**Given data**
┄┄┄┄┄┄┄┄┄┄
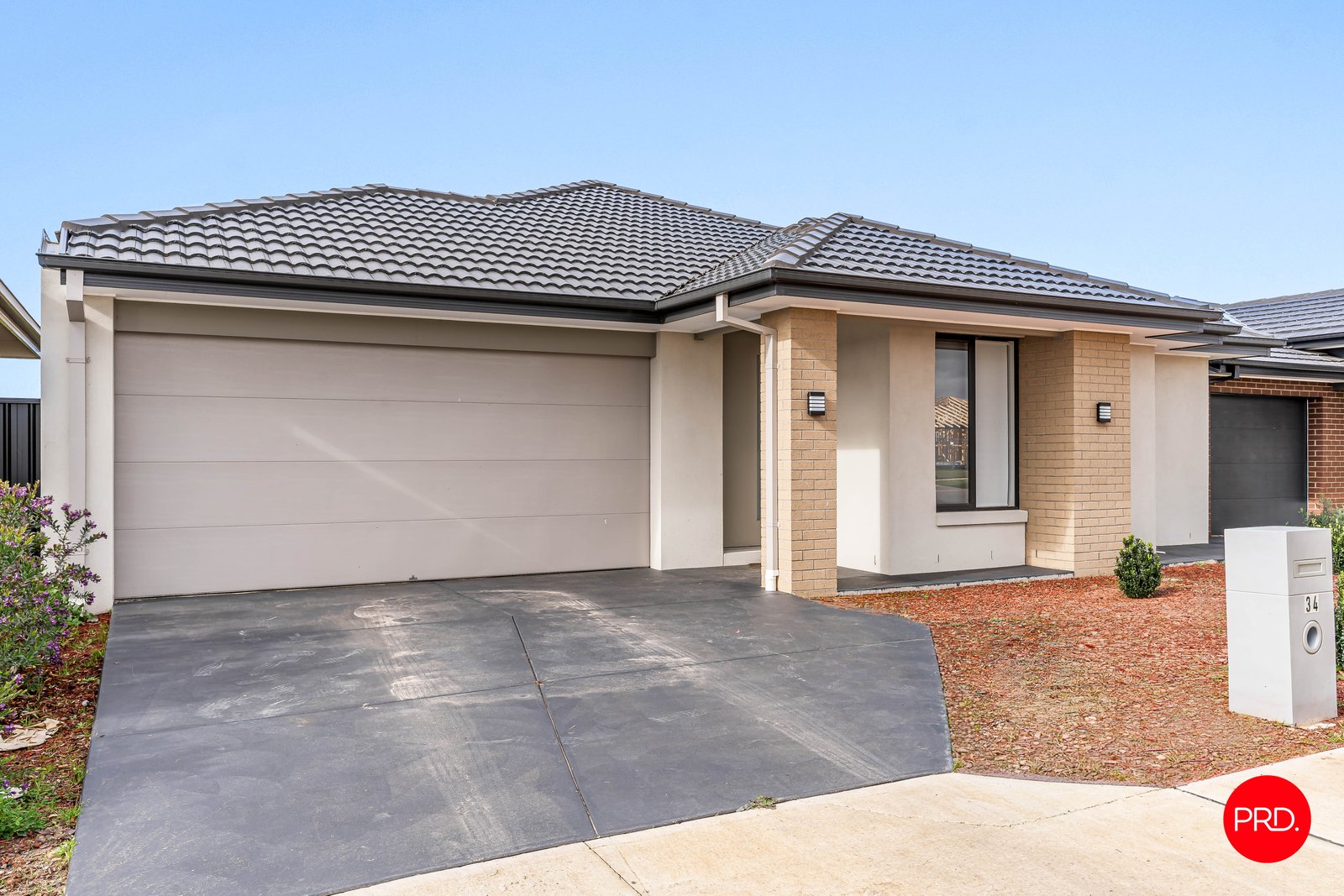 34 Anaheim Avenue HUNTLY 2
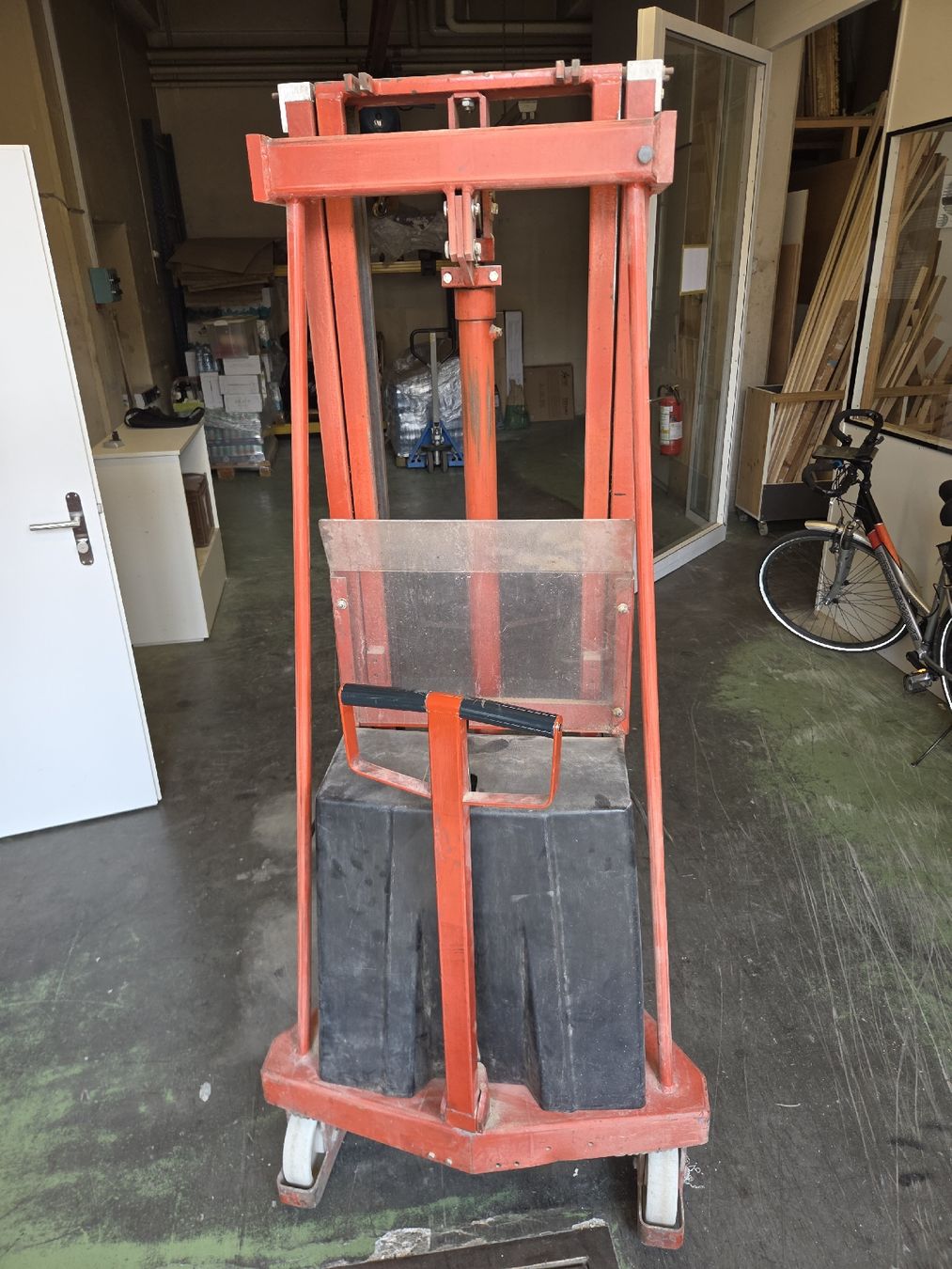 Gabelstapler & Hubwagen: Chariot  – Gebraucht aus Biel/Bienne von oma_jbh5 1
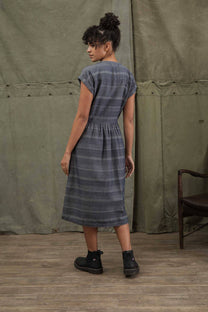 Abito midi Ira a righe con scollo a V
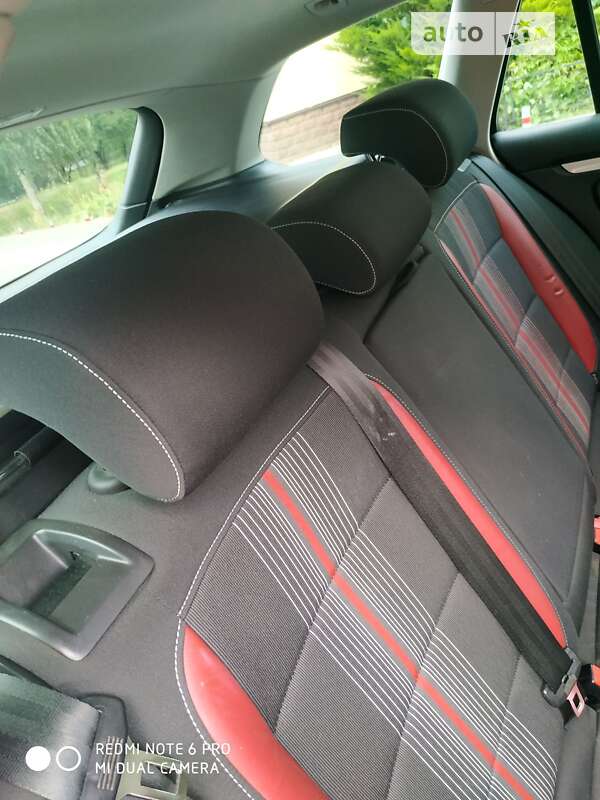 Універсал Volkswagen Golf 2012 в Броварах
┄┄┄┄┄┄┄┄┄┄
**What you will do**
Repeat only the lines from the one with "Gabelstapler & Hubwagen: Chariot" through the end of the data, both included and exactly as written. Pictures stay out of the copy.

**Result of this task**
 Gabelstapler & Hubwagen: Chariot  – Gebraucht aus Biel/Bienne von oma_jbh5 1
 Abito midi Ira a righe con scollo a V
 Універсал Volkswagen Golf 2012 в Броварах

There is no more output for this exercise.